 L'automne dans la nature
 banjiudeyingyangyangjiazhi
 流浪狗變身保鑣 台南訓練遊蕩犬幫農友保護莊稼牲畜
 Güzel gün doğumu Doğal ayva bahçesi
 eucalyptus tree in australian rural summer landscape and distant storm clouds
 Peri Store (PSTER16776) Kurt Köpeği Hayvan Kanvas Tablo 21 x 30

—————

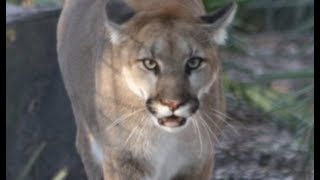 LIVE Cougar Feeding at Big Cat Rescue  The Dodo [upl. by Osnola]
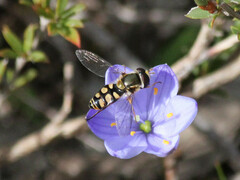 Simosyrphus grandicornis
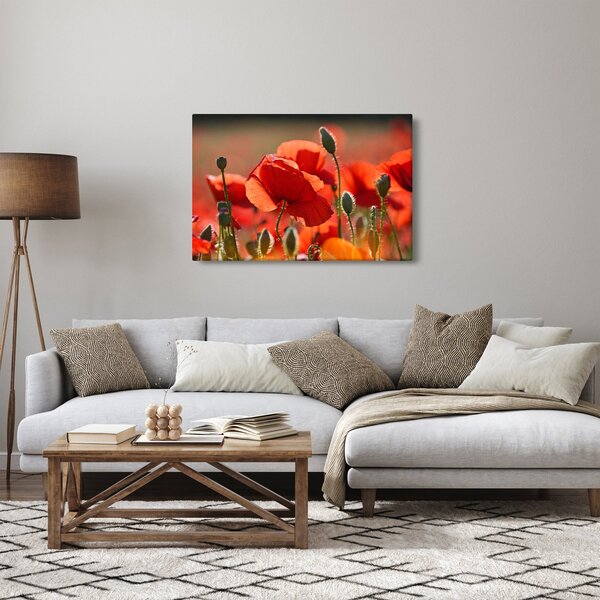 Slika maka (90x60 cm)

—————

• _Task prompt_
Output the material above exactly, but only from the line that carries "L'automne dans la nature" through the line that carries "Peri Store (PSTER16776)".

• _Task answer_
 L'automne dans la nature
 banjiudeyingyangyangjiazhi
 流浪狗變身保鑣 台南訓練遊蕩犬幫農友保護莊稼牲畜
 Güzel gün doğumu Doğal ayva bahçesi
 eucalyptus tree in australian rural summer landscape and distant storm clouds
 Peri Store (PSTER16776) Kurt Köpeği Hayvan Kanvas Tablo 21 x 30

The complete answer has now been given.